While married and raising three sons, I developed a career in insurance claims management and administration that lasted for over 25 years. However, during this hectic time, I never gave up my ambition to be a professional writer. This desire was partially met after preparing training manuals for my claims staff and writing articles for insurance trade journals. I have given many speeches and training workshops to workers’ compensation insurance and risk management personnel at industry conventions and conferences. However, my true aspiration was to write fiction.
In 1996, I took early retirement from my career as Corporate Manager of Weyerhaeuser Company’s workers’ compensation program to become a self-employed consultant. The following year I married Donald Lindstedt and joined him in retirement in Cannon Beach, Oregon. I became active in volunteer work that included designing and editing a cookbook, Cooking on the Coast, as a fundraiser for the Cannon Beach Historical Society. I have also been involved in preparing newsletters for two local non-profit organizations
In 2001, I gave myself permission to leave my consulting career and volunteer work behind to pursue my dream of becoming a professional writer. I have published two poems, placed third in Willamette Writer’s 2003 Conference for my poem, Ladies of Chedigny, and was a finalist with my short story, Simply to Fly, in the 2004 Northwest Writer’s Conference. My first novel, Deception Cove, will be released by Wings e-Press, Inc. in October, 2010.

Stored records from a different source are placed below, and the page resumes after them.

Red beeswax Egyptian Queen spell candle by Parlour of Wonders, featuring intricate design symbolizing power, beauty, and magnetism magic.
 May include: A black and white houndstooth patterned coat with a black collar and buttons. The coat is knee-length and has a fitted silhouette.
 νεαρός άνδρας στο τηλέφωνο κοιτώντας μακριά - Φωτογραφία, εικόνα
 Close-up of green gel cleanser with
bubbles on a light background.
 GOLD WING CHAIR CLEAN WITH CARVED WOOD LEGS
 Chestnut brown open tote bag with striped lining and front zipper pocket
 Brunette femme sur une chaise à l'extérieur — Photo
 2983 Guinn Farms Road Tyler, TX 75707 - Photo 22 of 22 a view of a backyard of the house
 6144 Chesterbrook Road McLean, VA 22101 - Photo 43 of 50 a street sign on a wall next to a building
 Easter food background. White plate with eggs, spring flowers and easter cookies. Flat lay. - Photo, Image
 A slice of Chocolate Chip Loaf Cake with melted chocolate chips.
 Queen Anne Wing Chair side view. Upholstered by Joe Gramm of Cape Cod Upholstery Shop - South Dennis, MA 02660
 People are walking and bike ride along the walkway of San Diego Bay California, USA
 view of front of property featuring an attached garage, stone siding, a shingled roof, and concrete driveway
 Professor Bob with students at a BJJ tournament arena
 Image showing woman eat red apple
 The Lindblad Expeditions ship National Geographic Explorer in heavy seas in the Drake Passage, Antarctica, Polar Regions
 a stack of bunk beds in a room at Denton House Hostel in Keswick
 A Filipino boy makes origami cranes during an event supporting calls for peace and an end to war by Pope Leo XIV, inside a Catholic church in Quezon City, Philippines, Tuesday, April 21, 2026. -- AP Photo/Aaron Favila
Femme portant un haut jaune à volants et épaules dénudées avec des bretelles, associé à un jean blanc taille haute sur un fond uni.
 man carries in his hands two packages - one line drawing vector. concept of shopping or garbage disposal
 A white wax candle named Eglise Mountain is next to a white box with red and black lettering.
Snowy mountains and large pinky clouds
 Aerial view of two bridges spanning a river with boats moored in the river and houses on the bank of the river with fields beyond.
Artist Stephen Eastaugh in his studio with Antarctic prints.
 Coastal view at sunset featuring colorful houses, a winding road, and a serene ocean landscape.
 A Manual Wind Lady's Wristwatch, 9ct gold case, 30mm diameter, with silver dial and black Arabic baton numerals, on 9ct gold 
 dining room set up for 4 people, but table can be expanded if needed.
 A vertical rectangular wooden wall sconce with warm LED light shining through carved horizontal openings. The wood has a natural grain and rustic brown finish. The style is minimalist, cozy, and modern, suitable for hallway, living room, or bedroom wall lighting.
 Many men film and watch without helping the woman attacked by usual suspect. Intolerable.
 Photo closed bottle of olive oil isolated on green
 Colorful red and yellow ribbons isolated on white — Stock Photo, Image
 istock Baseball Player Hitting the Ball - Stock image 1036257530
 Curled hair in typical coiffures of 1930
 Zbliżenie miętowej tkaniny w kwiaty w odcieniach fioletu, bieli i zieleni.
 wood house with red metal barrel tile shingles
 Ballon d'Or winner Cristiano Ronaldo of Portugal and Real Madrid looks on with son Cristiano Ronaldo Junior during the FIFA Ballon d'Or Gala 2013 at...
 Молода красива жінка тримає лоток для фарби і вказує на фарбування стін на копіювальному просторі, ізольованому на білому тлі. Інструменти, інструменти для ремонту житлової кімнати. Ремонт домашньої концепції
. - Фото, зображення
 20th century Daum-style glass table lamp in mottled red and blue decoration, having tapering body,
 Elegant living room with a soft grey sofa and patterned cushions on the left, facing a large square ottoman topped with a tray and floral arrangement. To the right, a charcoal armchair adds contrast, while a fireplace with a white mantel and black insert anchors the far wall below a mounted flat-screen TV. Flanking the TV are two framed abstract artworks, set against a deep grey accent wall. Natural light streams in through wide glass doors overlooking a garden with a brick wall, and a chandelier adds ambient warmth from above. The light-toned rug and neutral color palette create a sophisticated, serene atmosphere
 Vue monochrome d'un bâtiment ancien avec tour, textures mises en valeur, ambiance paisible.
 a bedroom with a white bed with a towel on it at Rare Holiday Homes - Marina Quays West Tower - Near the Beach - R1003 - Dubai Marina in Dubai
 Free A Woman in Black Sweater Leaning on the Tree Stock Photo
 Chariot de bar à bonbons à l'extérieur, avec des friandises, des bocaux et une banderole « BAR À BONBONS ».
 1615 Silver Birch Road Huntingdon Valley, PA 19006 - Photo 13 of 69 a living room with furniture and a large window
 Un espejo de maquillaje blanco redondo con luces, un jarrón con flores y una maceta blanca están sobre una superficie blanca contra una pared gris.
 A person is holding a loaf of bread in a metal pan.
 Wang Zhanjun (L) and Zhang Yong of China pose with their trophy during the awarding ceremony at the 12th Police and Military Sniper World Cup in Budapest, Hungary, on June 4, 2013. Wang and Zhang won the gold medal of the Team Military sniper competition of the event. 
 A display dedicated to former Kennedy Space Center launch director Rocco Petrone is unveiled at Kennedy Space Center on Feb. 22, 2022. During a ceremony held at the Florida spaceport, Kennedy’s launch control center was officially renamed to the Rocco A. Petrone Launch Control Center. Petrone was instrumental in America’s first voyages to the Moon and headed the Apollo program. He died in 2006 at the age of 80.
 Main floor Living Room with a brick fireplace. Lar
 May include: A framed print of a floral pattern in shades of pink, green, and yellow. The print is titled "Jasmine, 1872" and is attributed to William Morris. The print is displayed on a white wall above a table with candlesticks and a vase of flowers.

In 2003, I made a decision to return to college to hone my writing craft. In 2006, at the age of 70, I graduated from Marylhurst University, near Lake Oswego, Oregon, with a Bachelor of Arts Degree in English Literature and Writing. While a student, I read my paper, “Mrs. Dalloway’s Party Consciousness,” at the 2005 Virginia Woolf Conference at Lewis and Clark University in Portland, Oregon. In March 2007, I delivered my essay, Shakespeare – Perchance a Woman, at the Shakespeare Authorship Studies Conference at Concordia University in Portland, Oregon.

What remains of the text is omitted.